On 1 January 2019, Jair Bolsonaro was sworn in as Brazil’s president at a ceremony in the capital Brasília. A former army captain who served as a congressman for right-leaning political parties between 1991 and 2019, Bolsonaro was elected president in October 2018 in the most polarised election since Brazil’s return to democracy in 1985. A hardline conservative with pejorative views on women, sexuality and racial minorities, Bolsonaro’s candidacy led to a counter-movement termed #EleNão, or ‘not him’, and widespread street demonstrations in cities throughout Brazil. Ultimately, however, Bolsonaro defeated Fernando Haddad from the centre-left Workers’ Party (P.T.), achieving 55.1 per cent of the vote to Haddad’s 44.9 per cent.
Throughout the electoral process, central themes of Bolsonaro’s candidacy were the elimination of corruption, the need to restore the rule of law and public security, and a desire to kick-start the country’s sluggish economy, which is still emerging from the 2014-17 recession – the worst in Brazilian history. Bolsonaro has constructed his multiparty government and now has until at least 2022 to implement his agenda. Three key issues which impact almost all businesses with operations in Brazil are the macroeconomic climate, the security environment, and the country’s trade policy. How these will change under Bolsonaro is therefore crucially important, and are analysed below.

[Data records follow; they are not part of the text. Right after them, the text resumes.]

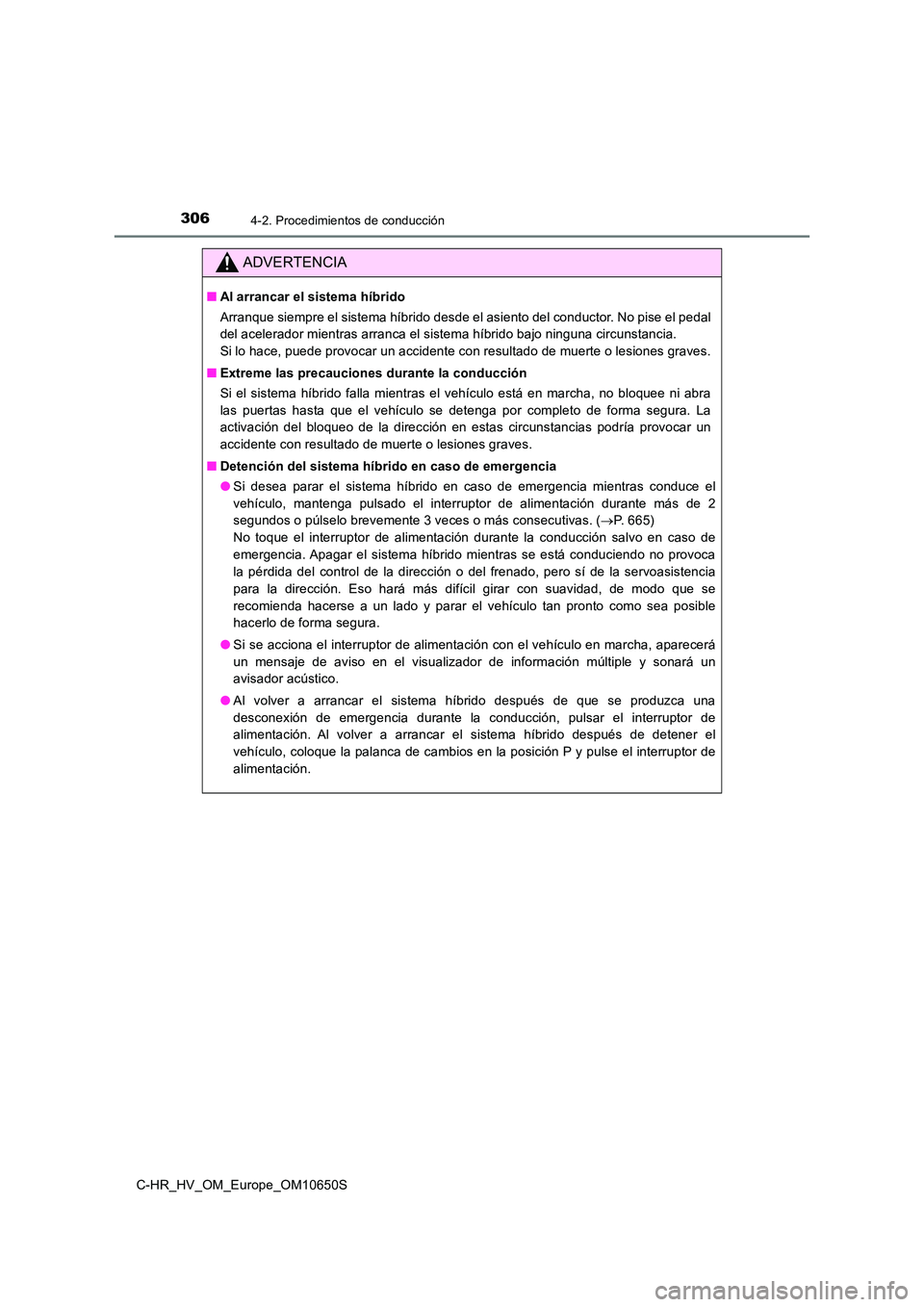 TOYOTA C-HR 2019 Manual del propietario (in Spanish) 3064-2. Procedimientos de conducción
C-HR_HV_OM_Europe_OM10650S
ADVERTENCIA
■Al arrancar el sistema híbrido
Arranque siempre el sistema híbrido desde el asiento del conductor. No pise el pedal
TOYOTA C-HR 2019 Manual del propietario (in Spanish) 3064-2. Procedimientos de conducción
C-HR_HV_OM_Europe_OM10650S
ADVERTENCIA
■Al arrancar el sistema híbrido
Arranque siempre el sistema híbrido desde el asiento del conductor. No pise el pedal
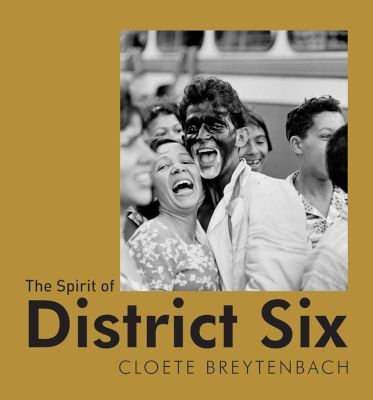 The Spirit of District Six 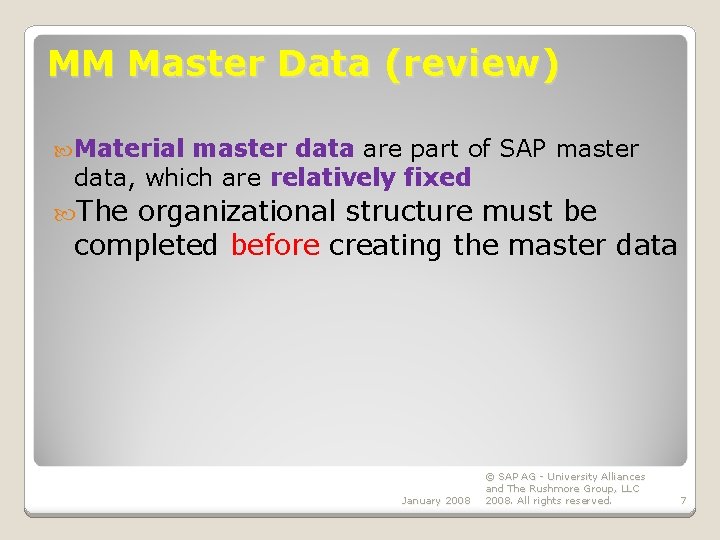 MM Master Data (review) Material master data are part of SAP master data, which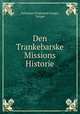 Den Trankebarske Missions Historie, Johannes Ferdinand Fenger, Fenger 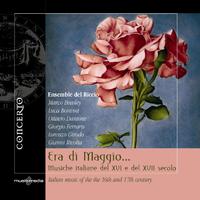 Era di Maggio (Italian music of the 16th and 17th century)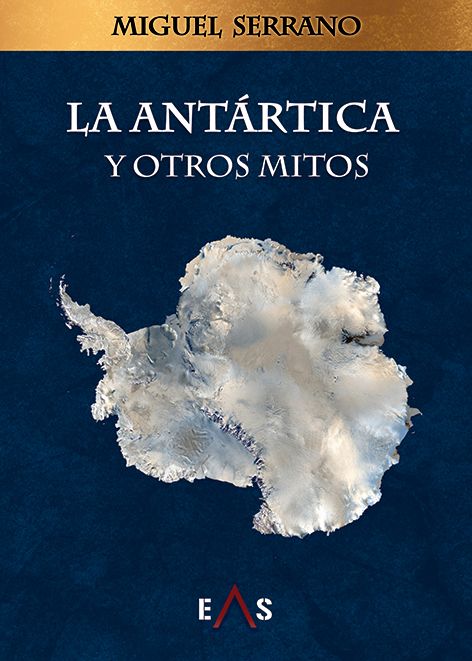ANTARTICA Y OTROS MITOS, LA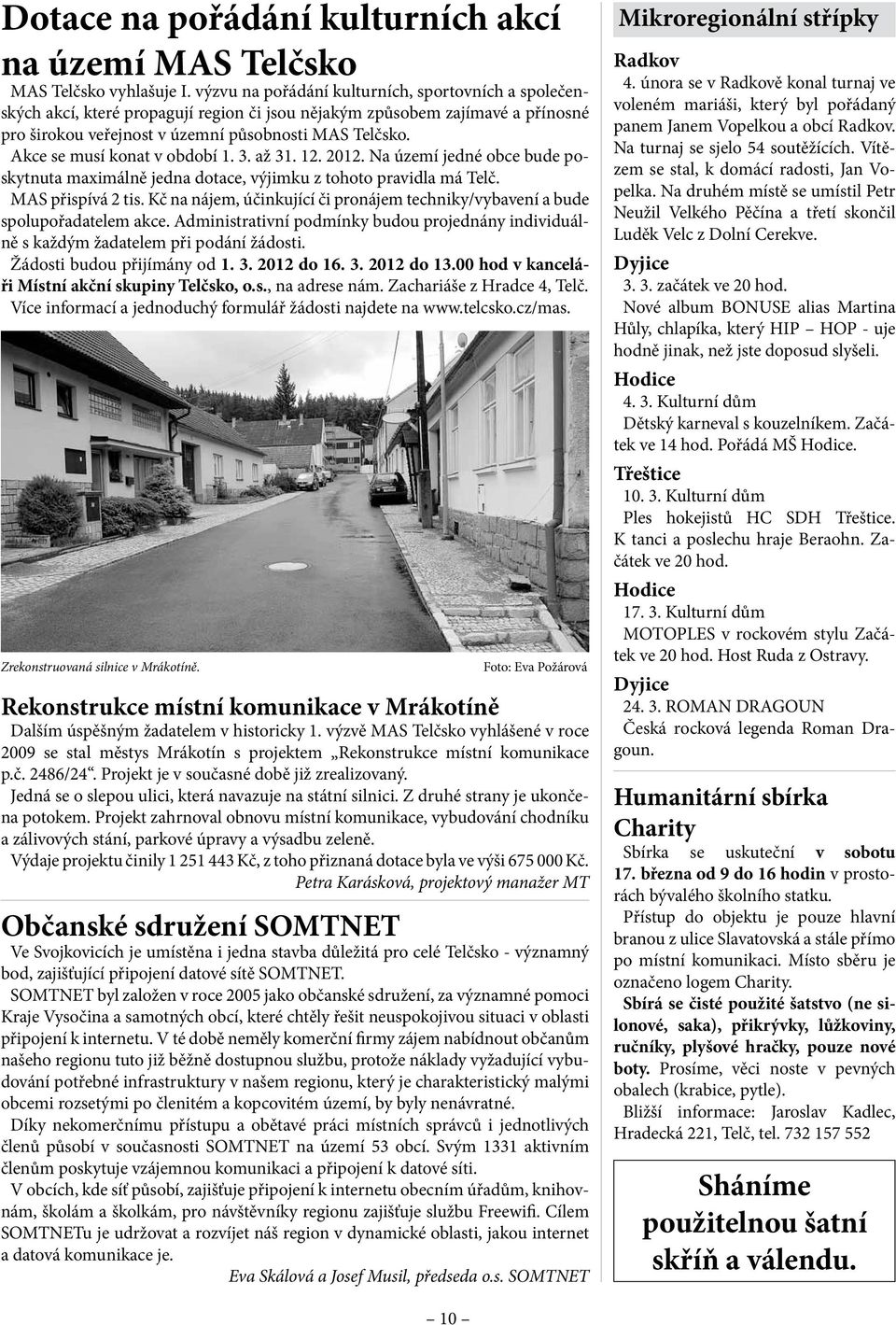 Akce se musí konat v období 1. 3. až 31. 12. 2012. Na území jedné obce bude poskytnuta maximálně jedna dotace, výjimku z tohoto pravidla má Telč. MAS přispívá 2 tis.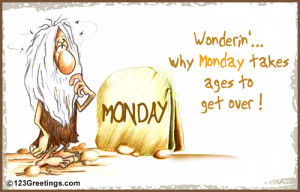 monday quotes funny. Monday Morning Quotes
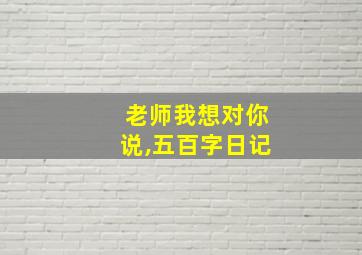 老师我想对你说,五百字日记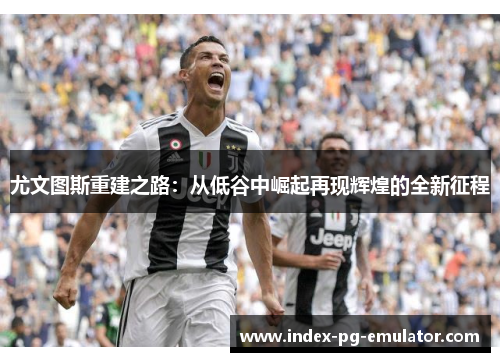尤文图斯重建之路：从低谷中崛起再现辉煌的全新征程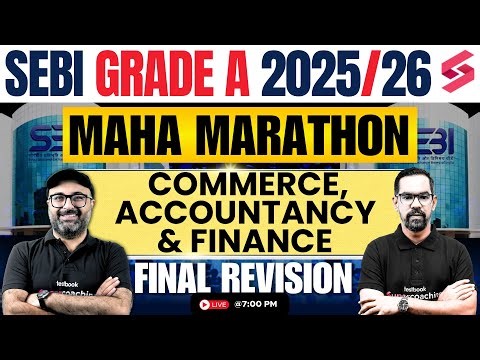 SEBI Grade A 2025/26 | SEBI Grade A Commerce & Accounts Marathon | SEBI Grade A Finance Marathon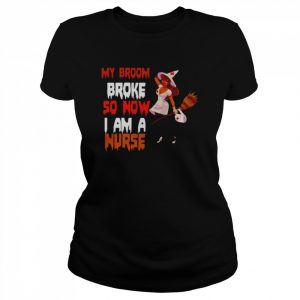 My broom broke so now I am a Nurse Witch Halloween  Classic Women's T-shirt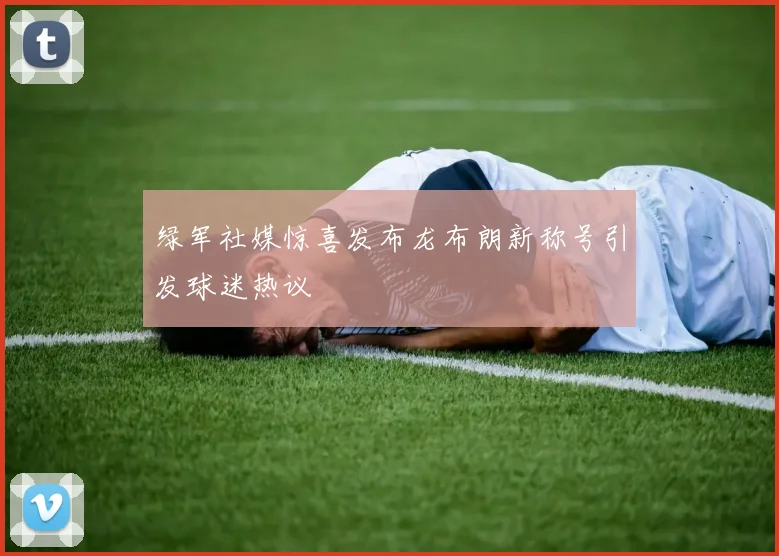 绿军社媒惊喜发布龙布朗新称号引发球迷热议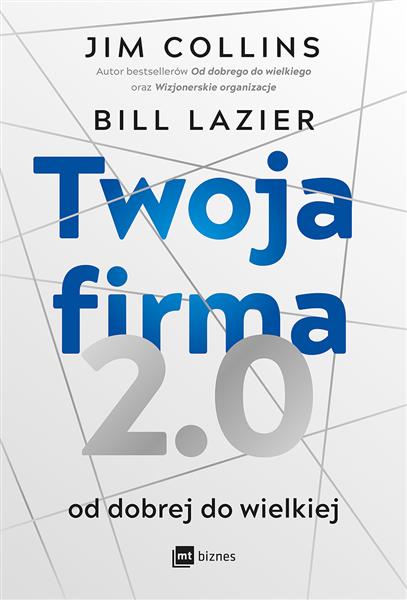 TWOJA FIRMA 2.0. OD DOBREJ DO WIELKIEJ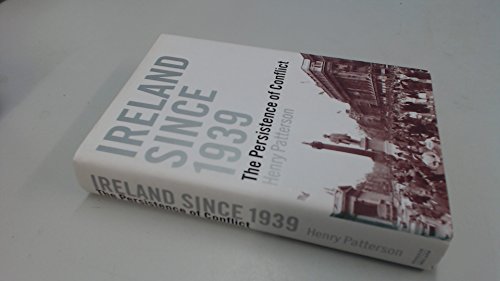 Ireland Since 1939: The Persistence of Conflict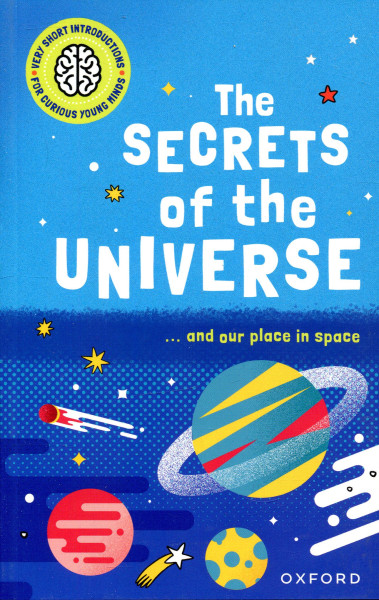 The Secrets of the Universe (Children's Very Short Introductions)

Although previously a supporter of state intervention and protectionism, Bolsonaro’s core economic beliefs have moved significantly to the right since Paulo Guedes – a free-market economist and co-founder of the BTG Pactual investment bank – became his main economic advisor and nominee for finance minister in November 2017. During the election campaign, Bolsonaro called for a liberalisation of Brazil’s economy, particularly through pension reform, lower taxes, and the privatisation of state assets. As president, Bolsonaro hopes to stimulate the private sector and reduce public sector debt, which stood at 76.7 per cent of GDP in January 2019, the second highest debt-to-GDP ratio in Latin America. Bolsonaro’s approach also seeks to boost growth following the recent recession (see graph below), from which Brazil is still recovering.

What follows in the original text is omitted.